MATERIALS PROVIDED>
* * * * *

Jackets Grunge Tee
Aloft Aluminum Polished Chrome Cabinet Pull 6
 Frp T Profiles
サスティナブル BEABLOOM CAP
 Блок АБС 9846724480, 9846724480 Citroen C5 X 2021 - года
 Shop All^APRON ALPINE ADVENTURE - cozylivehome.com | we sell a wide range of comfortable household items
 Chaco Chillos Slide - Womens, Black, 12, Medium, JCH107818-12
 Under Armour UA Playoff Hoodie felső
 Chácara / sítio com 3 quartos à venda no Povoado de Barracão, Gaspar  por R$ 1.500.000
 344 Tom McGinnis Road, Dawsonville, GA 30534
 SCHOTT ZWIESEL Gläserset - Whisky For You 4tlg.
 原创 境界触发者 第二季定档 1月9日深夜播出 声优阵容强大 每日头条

* * * * *

WORK TO BE COMPLETED> Each line of the data is to be transcribed exactly.

RESULT BELOW>
Jackets Grunge Tee
Aloft Aluminum Polished Chrome Cabinet Pull 6
 Frp T Profiles
サスティナブル BEABLOOM CAP
 Блок АБС 9846724480, 9846724480 Citroen C5 X 2021 - года
 Shop All^APRON ALPINE ADVENTURE - cozylivehome.com | we sell a wide range of comfortable household items
 Chaco Chillos Slide - Womens, Black, 12, Medium, JCH107818-12
 Under Armour UA Playoff Hoodie felső
 Chácara / sítio com 3 quartos à venda no Povoado de Barracão, Gaspar  por R$ 1.500.000
 344 Tom McGinnis Road, Dawsonville, GA 30534
 SCHOTT ZWIESEL Gläserset - Whisky For You 4tlg.
 原创 境界触发者 第二季定档 1月9日深夜播出 声优阵容强大 每日头条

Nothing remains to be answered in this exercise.